**REQUIRED WORK**
Output, word for word, the lines of this listing that fall between the line with "My bohemic home: tegelvägg" and the line with "Transformer: encapsulated; 0.5VA;", counting both of those lines, and no others.

**SOURCE DATA**
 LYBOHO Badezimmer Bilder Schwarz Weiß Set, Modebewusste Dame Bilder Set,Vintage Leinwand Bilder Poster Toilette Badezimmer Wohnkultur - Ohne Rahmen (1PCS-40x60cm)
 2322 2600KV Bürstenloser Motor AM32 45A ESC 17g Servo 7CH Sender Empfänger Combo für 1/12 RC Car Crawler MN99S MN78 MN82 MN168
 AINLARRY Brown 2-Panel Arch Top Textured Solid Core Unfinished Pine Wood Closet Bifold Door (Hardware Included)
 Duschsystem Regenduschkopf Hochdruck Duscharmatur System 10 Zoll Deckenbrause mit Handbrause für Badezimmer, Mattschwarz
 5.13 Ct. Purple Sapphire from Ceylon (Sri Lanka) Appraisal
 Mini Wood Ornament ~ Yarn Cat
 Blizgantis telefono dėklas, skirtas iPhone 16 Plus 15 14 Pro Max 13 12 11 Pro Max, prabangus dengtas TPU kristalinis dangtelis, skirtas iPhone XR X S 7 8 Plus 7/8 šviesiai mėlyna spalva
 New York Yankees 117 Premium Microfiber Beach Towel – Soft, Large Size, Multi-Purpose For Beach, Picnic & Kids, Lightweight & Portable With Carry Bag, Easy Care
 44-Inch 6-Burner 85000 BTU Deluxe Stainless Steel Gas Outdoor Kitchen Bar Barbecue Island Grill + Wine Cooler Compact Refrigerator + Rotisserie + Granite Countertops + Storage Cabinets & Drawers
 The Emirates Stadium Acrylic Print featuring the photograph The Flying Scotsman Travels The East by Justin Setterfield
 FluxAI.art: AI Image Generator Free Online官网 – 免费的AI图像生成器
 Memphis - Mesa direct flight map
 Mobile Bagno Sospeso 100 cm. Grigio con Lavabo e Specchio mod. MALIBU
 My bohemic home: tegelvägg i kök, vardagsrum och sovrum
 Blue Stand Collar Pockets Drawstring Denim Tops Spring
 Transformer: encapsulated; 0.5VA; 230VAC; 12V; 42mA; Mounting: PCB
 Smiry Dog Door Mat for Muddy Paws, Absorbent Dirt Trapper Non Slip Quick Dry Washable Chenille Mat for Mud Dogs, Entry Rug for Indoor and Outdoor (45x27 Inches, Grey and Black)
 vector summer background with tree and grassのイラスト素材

**ANSWER BOX**
 My bohemic home: tegelvägg i kök, vardagsrum och sovrum
 Blue Stand Collar Pockets Drawstring Denim Tops Spring
 Transformer: encapsulated; 0.5VA; 230VAC; 12V; 42mA; Mounting: PCB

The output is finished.